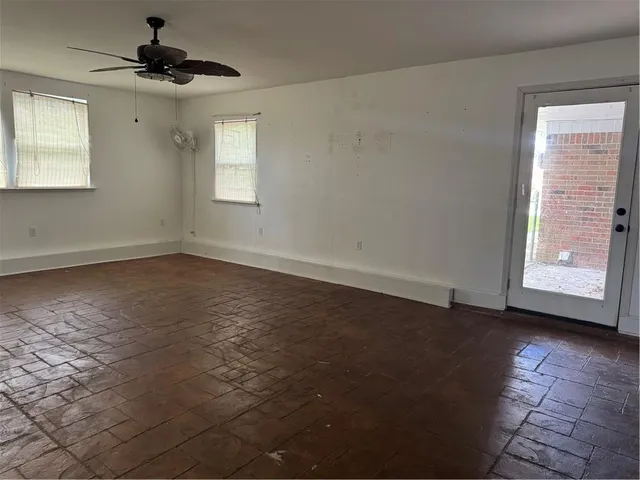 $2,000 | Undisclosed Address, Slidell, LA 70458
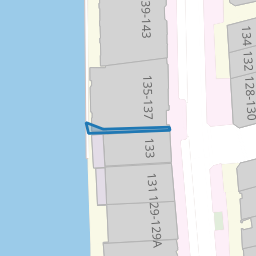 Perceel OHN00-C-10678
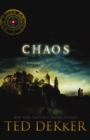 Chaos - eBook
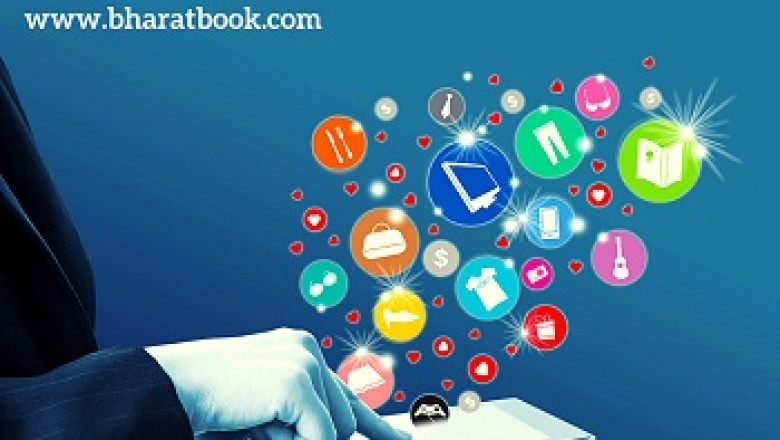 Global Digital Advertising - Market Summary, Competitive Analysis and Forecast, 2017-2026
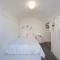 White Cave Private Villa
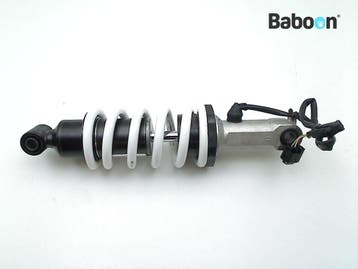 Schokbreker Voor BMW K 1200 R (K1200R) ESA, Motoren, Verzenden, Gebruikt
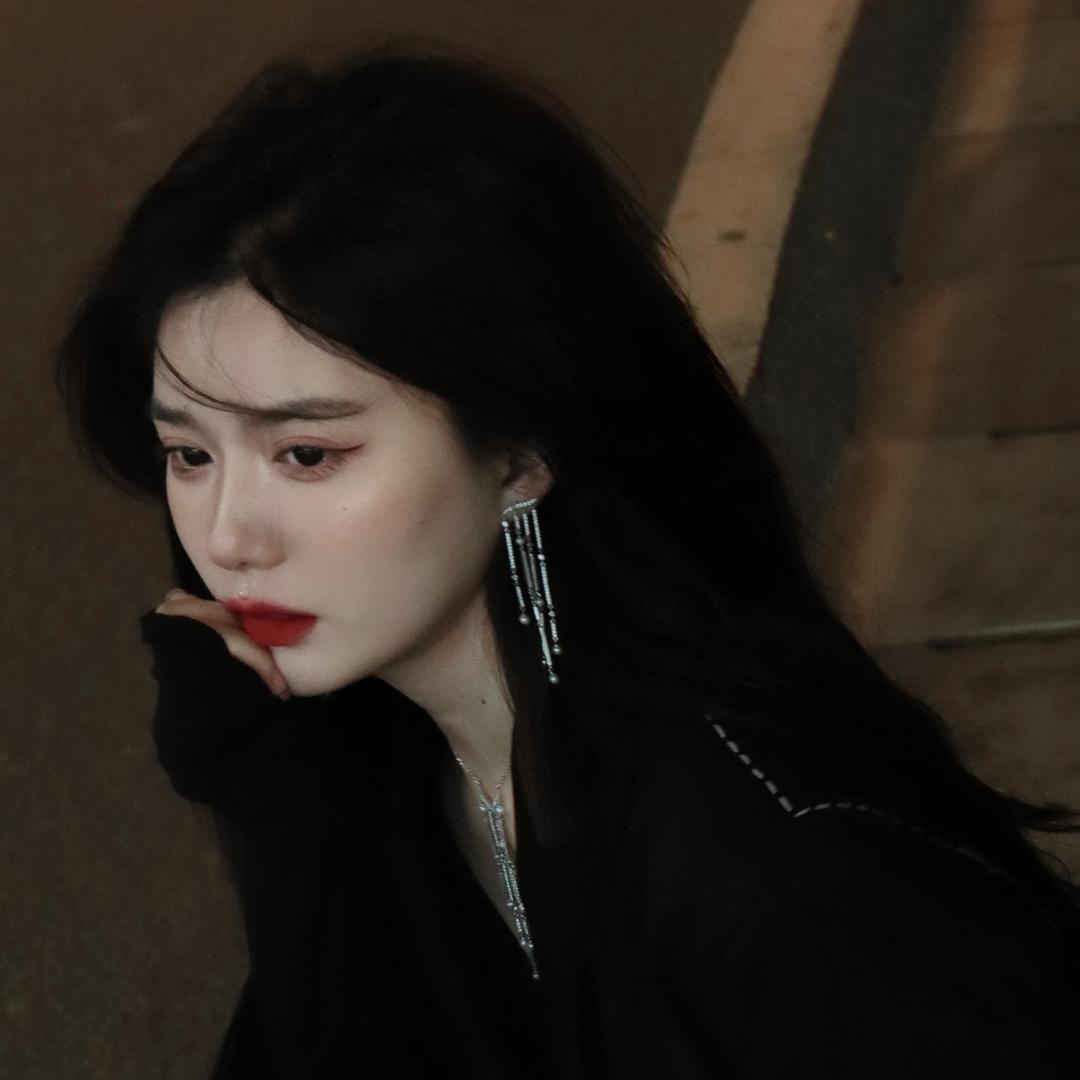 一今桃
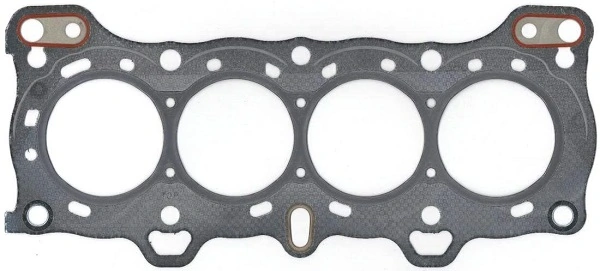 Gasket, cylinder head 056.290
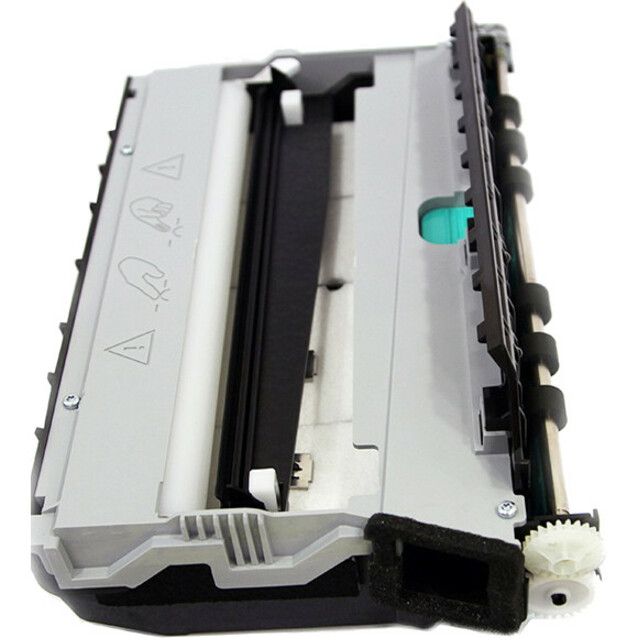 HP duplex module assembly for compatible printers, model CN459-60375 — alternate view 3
========
## Task goal
Quote all of the entries word for word, omitting any pictures.

## Answer for the task
 $2,000 | Undisclosed Address, Slidell, LA 70458
 Perceel OHN00-C-10678
 Chaos - eBook
 Global Digital Advertising - Market Summary, Competitive Analysis and Forecast, 2017-2026
 White Cave Private Villa
 Schokbreker Voor BMW K 1200 R (K1200R) ESA, Motoren, Verzenden, Gebruikt
 一今桃
 Gasket, cylinder head 056.290
 HP duplex module assembly for compatible printers, model CN459-60375 — alternate view 3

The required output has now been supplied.